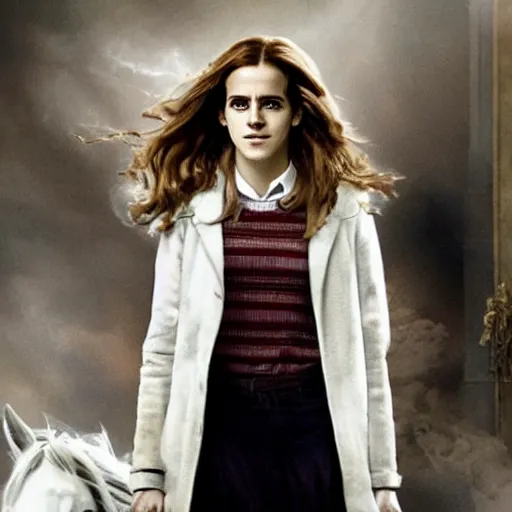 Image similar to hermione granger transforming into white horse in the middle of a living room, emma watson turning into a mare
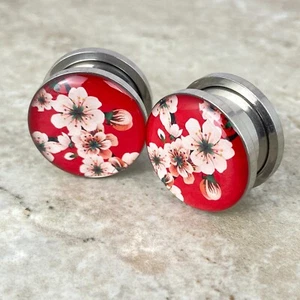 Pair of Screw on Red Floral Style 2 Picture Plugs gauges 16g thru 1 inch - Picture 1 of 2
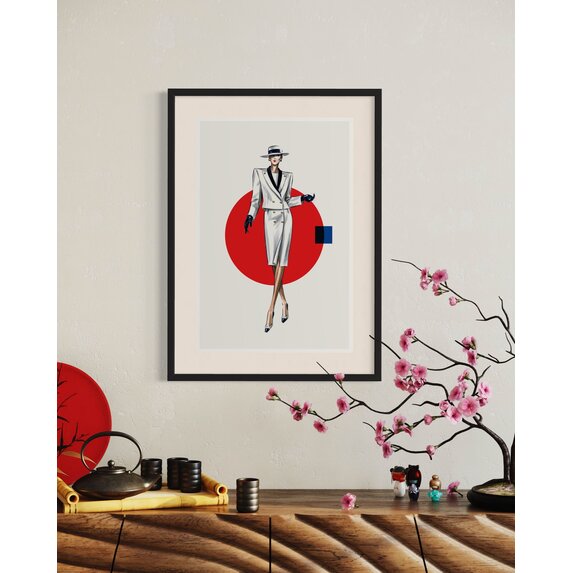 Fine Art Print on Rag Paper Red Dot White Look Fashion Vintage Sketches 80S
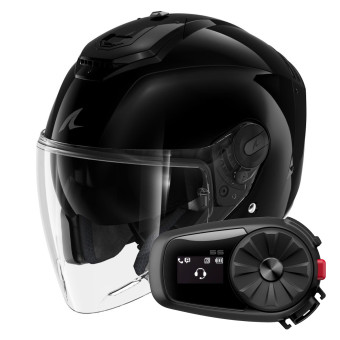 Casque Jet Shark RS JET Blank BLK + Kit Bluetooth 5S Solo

...

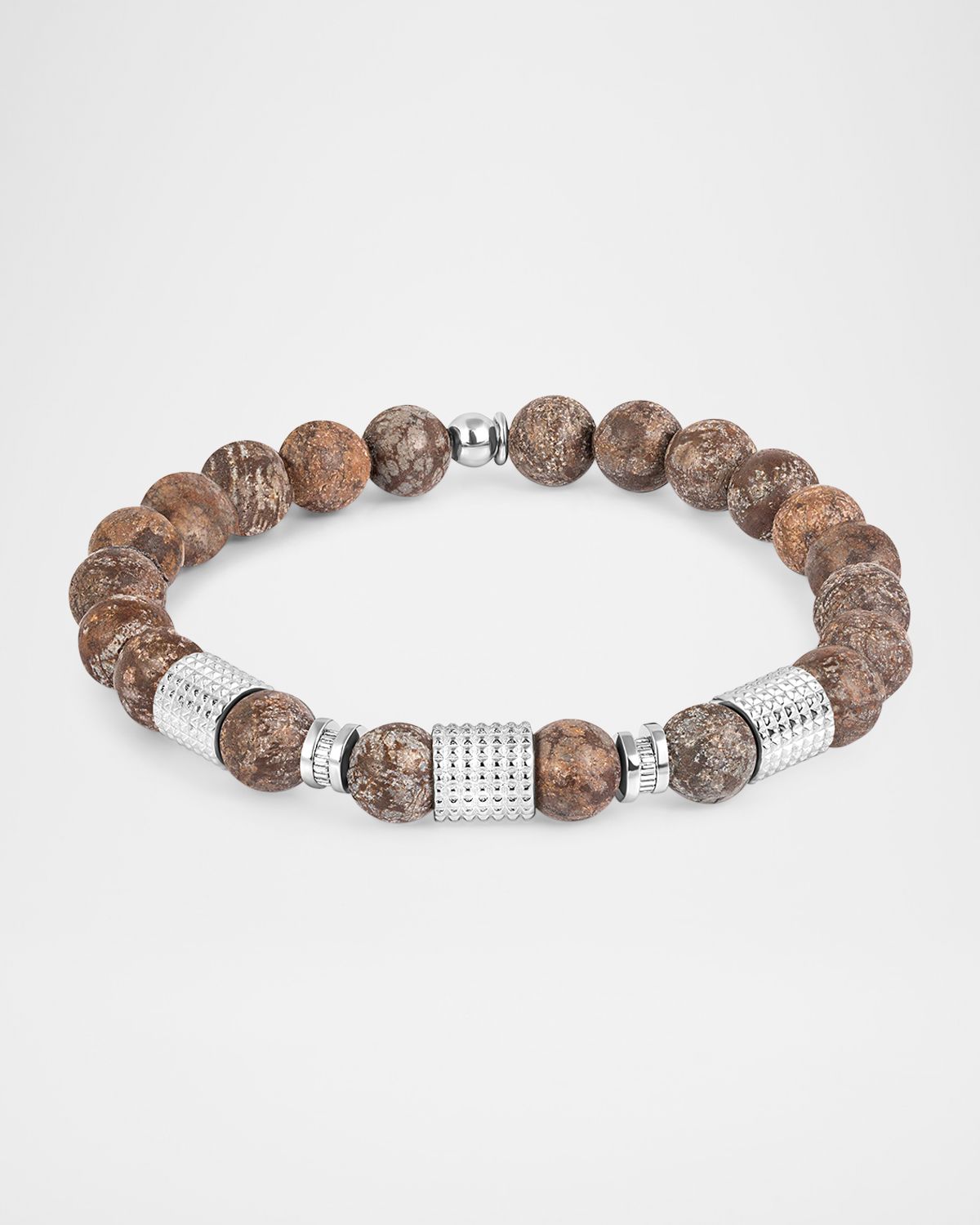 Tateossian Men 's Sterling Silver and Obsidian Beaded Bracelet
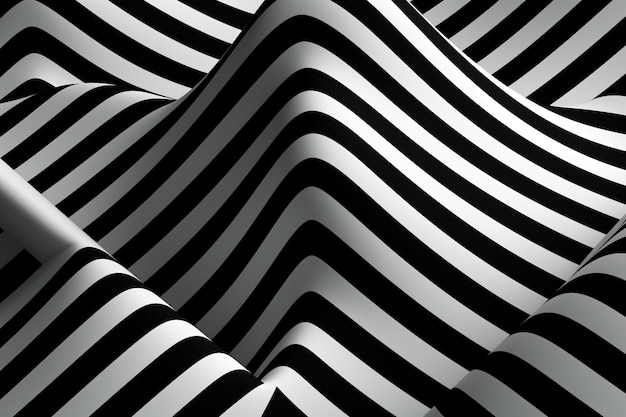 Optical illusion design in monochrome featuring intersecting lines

---

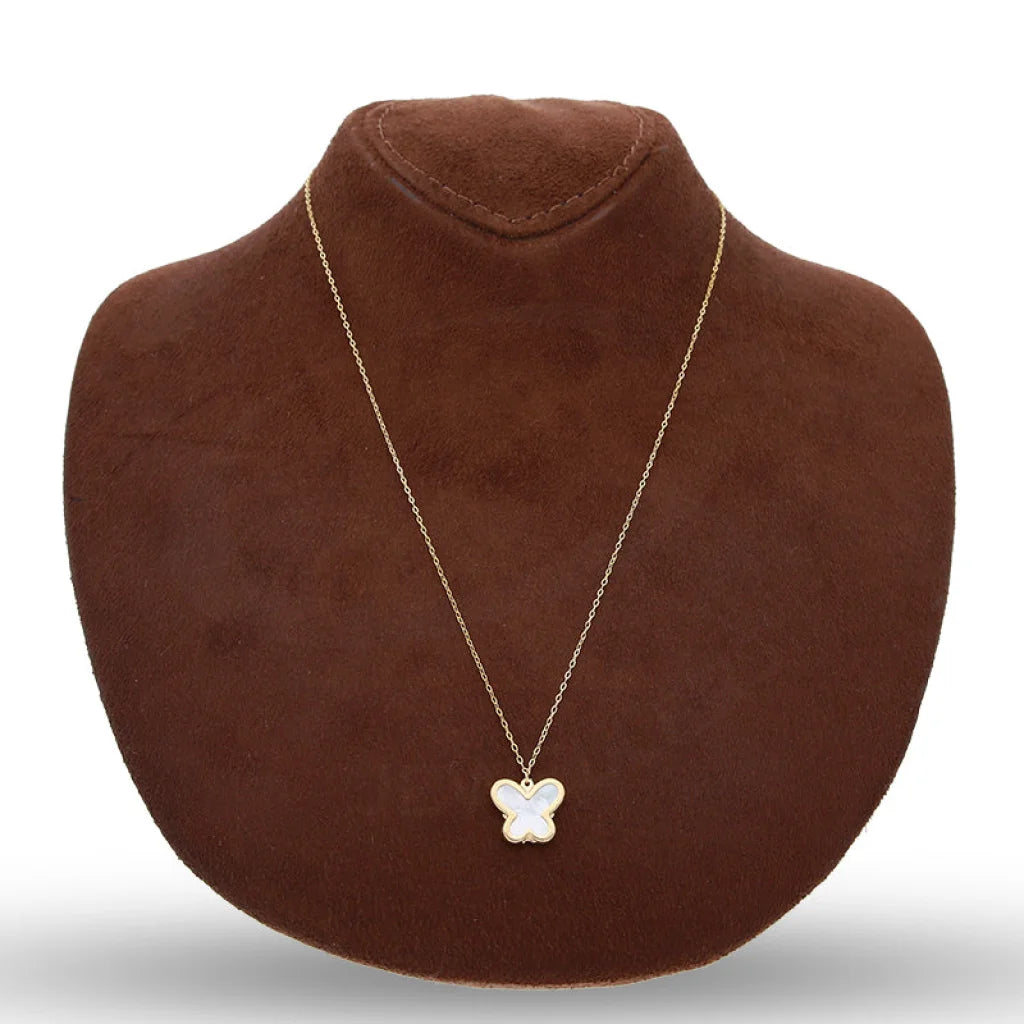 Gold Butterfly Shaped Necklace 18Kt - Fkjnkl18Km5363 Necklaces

Work required
Using the data above, which lines fall from the one with "Tateossian Men 's" through the one with "Optical illusion design"? Repeat them exactly, ends included, minus any pictures.

Response area
 Tateossian Men 's Sterling Silver and Obsidian Beaded Bracelet
 Optical illusion design in monochrome featuring intersecting lines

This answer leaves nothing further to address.